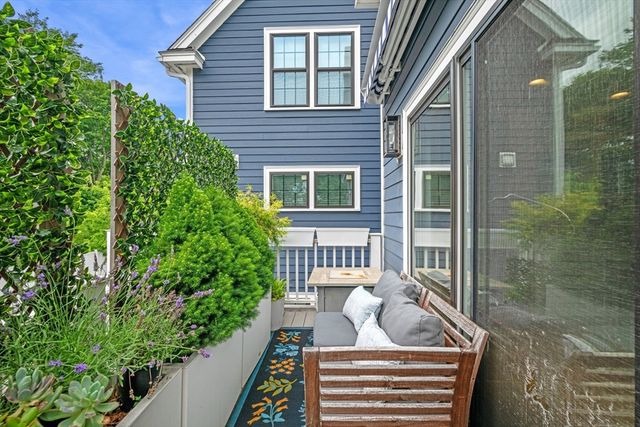 331 Bridge St 2, Salem, MA 01970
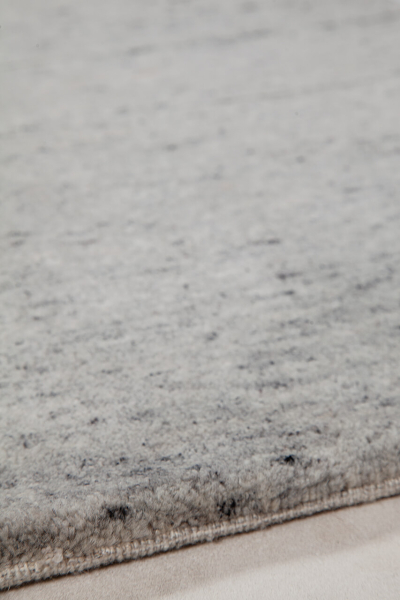 Naua Amini Carpets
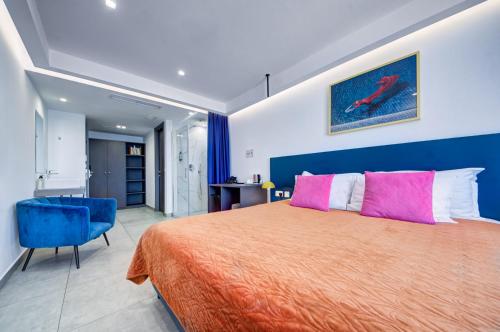 Deluxe Double Room image 5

(TRY IT):
Copy the data exactly. Any picture it contains is to be omitted.

(RESPONSE FOR THIS EXERCISE):
 331 Bridge St 2, Salem, MA 01970
 Naua Amini Carpets
 Deluxe Double Room image 5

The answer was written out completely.